### SUPPLIED MATERIAL
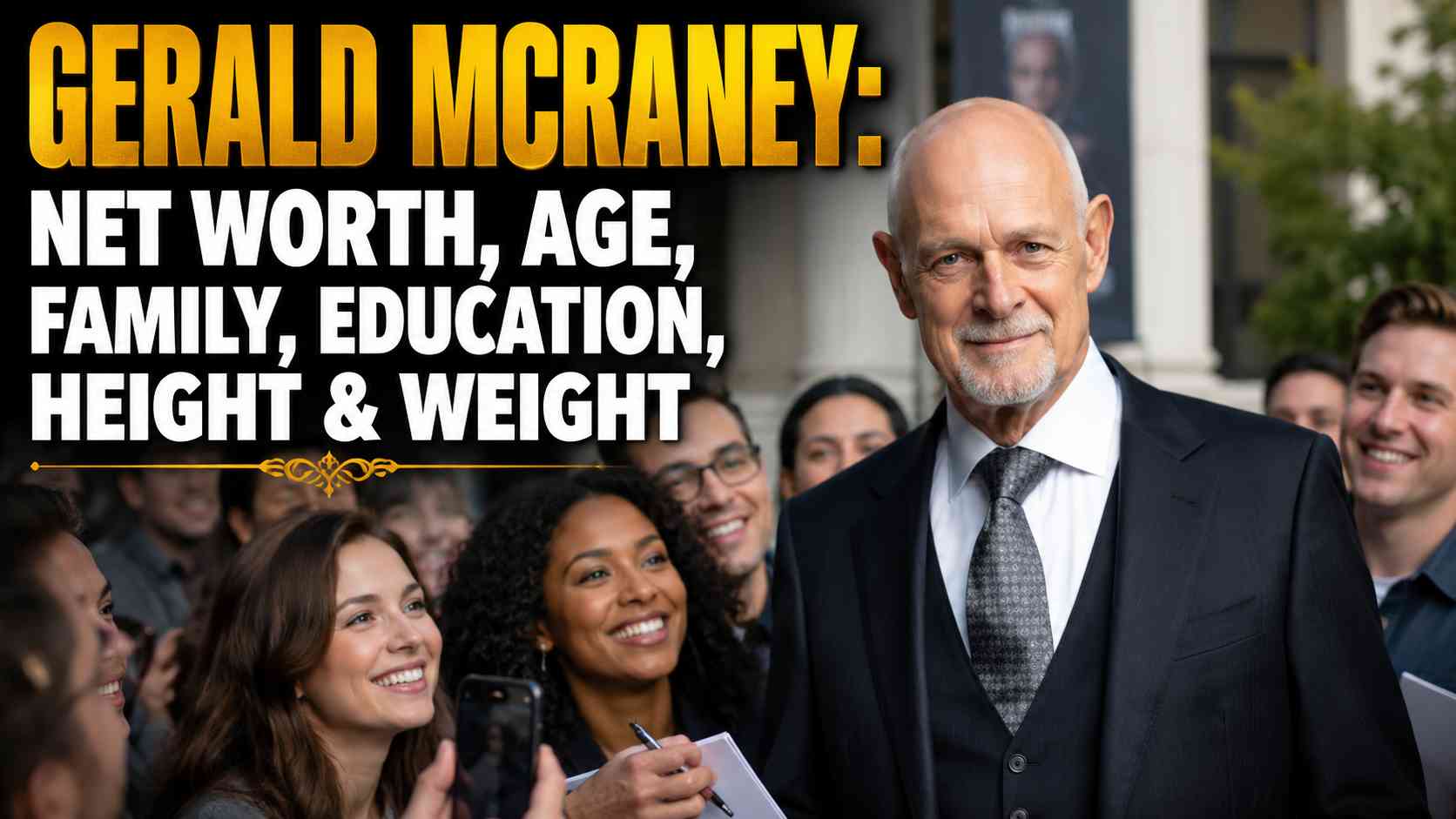 Gerald McRaney Net Worth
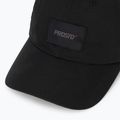 Czapka z daszkiem PROSTO Jacquard black 3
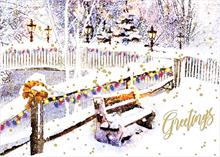 93221-Q<br>Benched for the Winter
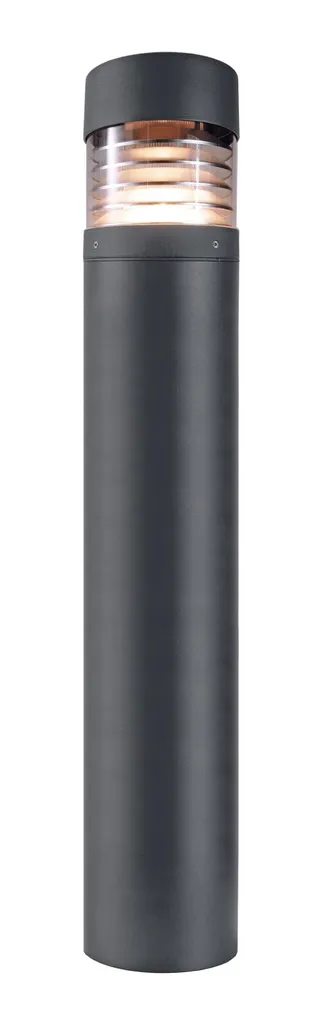 Ortis KapegoLED 733004 Borne LED Étanche IP65 Gris Foncé Aluminium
######
ACTIVITY
Skipping all images, output the listing exactly.

ANSWER AREA
 Gerald McRaney Net Worth
 Czapka z daszkiem PROSTO Jacquard black 3
 93221-Q<br>Benched for the Winter
 Ortis KapegoLED 733004 Borne LED Étanche IP65 Gris Foncé Aluminium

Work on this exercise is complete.